Start of Extracted information

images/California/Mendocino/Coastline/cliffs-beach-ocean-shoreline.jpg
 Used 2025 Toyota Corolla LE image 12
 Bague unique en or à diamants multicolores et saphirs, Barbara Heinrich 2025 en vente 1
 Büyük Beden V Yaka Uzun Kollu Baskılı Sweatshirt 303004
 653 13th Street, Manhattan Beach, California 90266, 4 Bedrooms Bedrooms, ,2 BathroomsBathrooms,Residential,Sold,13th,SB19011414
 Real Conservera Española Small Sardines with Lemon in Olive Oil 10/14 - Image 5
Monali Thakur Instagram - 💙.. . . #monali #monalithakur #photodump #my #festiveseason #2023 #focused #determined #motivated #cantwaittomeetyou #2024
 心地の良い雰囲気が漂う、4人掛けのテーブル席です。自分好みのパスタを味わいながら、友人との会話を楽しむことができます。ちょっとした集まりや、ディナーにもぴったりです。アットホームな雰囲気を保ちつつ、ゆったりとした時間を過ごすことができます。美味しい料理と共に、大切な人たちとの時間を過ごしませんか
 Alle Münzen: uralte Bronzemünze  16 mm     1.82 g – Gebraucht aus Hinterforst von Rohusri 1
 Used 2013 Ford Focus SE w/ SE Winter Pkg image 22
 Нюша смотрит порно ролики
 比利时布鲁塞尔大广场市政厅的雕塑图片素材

End of Extracted information

Exactly as they appear, write out the lines from the one containing "Нюша смотрит порно ролики" through the final line of the entries above, both included.

 Нюша смотрит порно ролики
 比利时布鲁塞尔大广场市政厅的雕塑图片素材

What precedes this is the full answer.